When it comes to managing online communities, it's no different than understanding the simplicity or complexities of beer.
Beer has played various roles throughout history, with records of fermented drinks going back to 3,500 BC when a recipe was found in a poem for Ninkasi (the Mesopotamian god of beer). Though a majority of people who consume the fermented drink may only see it at face value (gettin slizzard), there is an extensive history, and we can easily relate the experience of brewing beer to creating a first community management strategy. Is it a stretch? Perhaps, but I'm sure if you've had a beer, you will quickly find a correlation between the two.
There are of course some caveats and prerequisites prior to even getting to the online community management strategy, such as ensuring you have a content strategy or a product to bring people back to your community. Just know that without a proper strategy and planning, you will end up with a skunky flavor and time wasted. This goes for both beer and online communities.
While some of the more common American beers may be unsophisticated, best remain used for long nights in college, and sloshed around in red solo cups on a beer pong table; for this example we will be using the kind that tells a story, has a history (or perhaps part of it), creates conversation, and of course enhances the flavor food. As you may note, 'gettin slizzard' is not part of that story.
The ingredients here show what it takes to make an extract based Belgian IPA. Each item plays a vital role for the flavor, aroma, color, acidic nature, and strength of the beer.
The following are four attributes you will need to include in your strategy.
If you are building an online community for a company, more likely to be for a product or service, note what kind of conversations these individuals will need. Since we are talking about beer, let's examine what a customer would want from an online community attached to a store that sells homebrew ingredients. Do they need a place to share images initially? Probably not. What about a section for personal recipes and advice for getting started? Absolutely.
Before shaking things up, creating a sense of belonging will be one of the most important aspects as a community manager. While you want to enforce community guidelines, you also want others to help do that for you.
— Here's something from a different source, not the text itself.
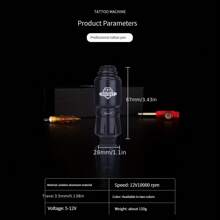 1pc Authentic Rocket Design Tattoo Pen/Tattoo Gun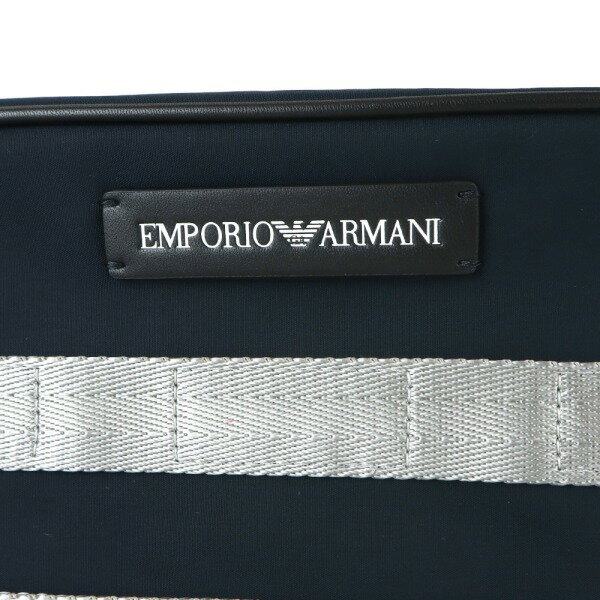 【楽天市場】EMPORIO ARMANI エンポリオアルマーニ ショルダーバッグ バイカラー カメラバッグ ネイビー×シルバー Y4M384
The more a member feels integrated with the community, the more likely they will contribute to the ecosystem. You will want to nurture these types of relationships to build power users, and eventually work with them to identify how to continue to improve the platform you are using. The term belonging and beer have a strong history together. Though many today may correlate this sense of intimacy through the bonding of fraternities, more recently regular citizens have been pictured drinking brews with the president. Further, throughout US history our founders and leaders have met at bars and pubs to discuss the future of this country.
Retention will be one of your challenging aspects of your strategy. When you first launch (depending on how you launch), people are expected to be buzzing about the new space. Some times the buzz doesn't happen until a key event occurs and a wave of members begin to adopt your community (example - Digg was redesigned , users hated, majority went to reddit); however, in your strategy you must find ways to build relationships with all member types in your ecosystem. Even if you have lurkers just consuming content, use analytics to find what they read the most and continue to build upon that. For the vocal minority that is your ecosystem, get to know them by being personable. Not all members like to communicate the same way, so find what channel of communication they prefer and pursue it. Keep in mind though, this may be your job, but don't be fake about building these relationships. It should go without saying that a community manager who does not already love their community will have a difficult time in this aspect. For beer, retention is important when it comes to the head or foam. This is often a sign of a well crafted beer with a strong body.
Experiment, experiment, and experiment some more. Some online communities do well with absolutely no changes and minimal design tweaks; however, the majority of them will require constant change to ensure user expectations are met. If you are managing a community for a product or service, your primary focus will be to relay what members want out of those; however, you still need to be sure members are able to participate with a great ease of use. This is usually tested prior to launching a community, but as more members enter, you will have a greater amount of feedback to work with. If a chat system doesn't work well, replace it; no method or private messaging? Try adding one; Users requesting a way for real-time communication? Help organize it. When brewing beer, experimentation is equally important. With new flavors come new interest and more mouths in just the same way experimenting with an online community or product would result in.
Working on an online community takes a great deal of time. Remember when marketers said having a branded social media presence was free? This is the same situation, as the cost associated with online communities comes from the amount of time and effort put into it. Even if you are just preparing to launch your community, you would be wise to incorporate crisis plans into your strategy. Whether it be for the day your products server goes down and need to communicate where to get the latest information, or even when an influx of users join and with it a wave of trolls. Hard work pays off, and community managers need to always be attentive to the ecosystem. Work and beer may not sound like they belong, but crafting a well bodied brew requires patience and preparation. If you do not have a plan (recipe) prior to mixing your ingredients, you are just asking for a disastrous concoction (wort). Put in the work up front, and you will see how it pays off with the completed product.
Depending on the situation, you may or may not recall specifically your first experience with beer. Mine was the result of mistaken identity, and thinking my dad's Old Style beer at the Cubs game was apple juice. Needless to say I was young, and promptly never had an interest touching it again until college. This of course brings me to an important caveat.
Many of us who are wanting to create a strategy might be seeing apple juice rather than beer. They may look the same, but they are completely different in all aspects besides the color. Similar, just because you can participate in an online community as a power user, it doesn't mean you can create or even assist with its growth in the same manner.
Participating may have a sweet flavor, where as building or managing a community can be quite bitter. However, like beer, a bitter flavor is all part of what makes the final product something sophisticated. You must look at the big picture, rather than the needs of yourself or one user type. In fact there is an entire online community ecosystem.
Though many today may correlate this sense of intimacy through the bonding of fraternities, more recently regular citizens have been pictured drinking brews with the president.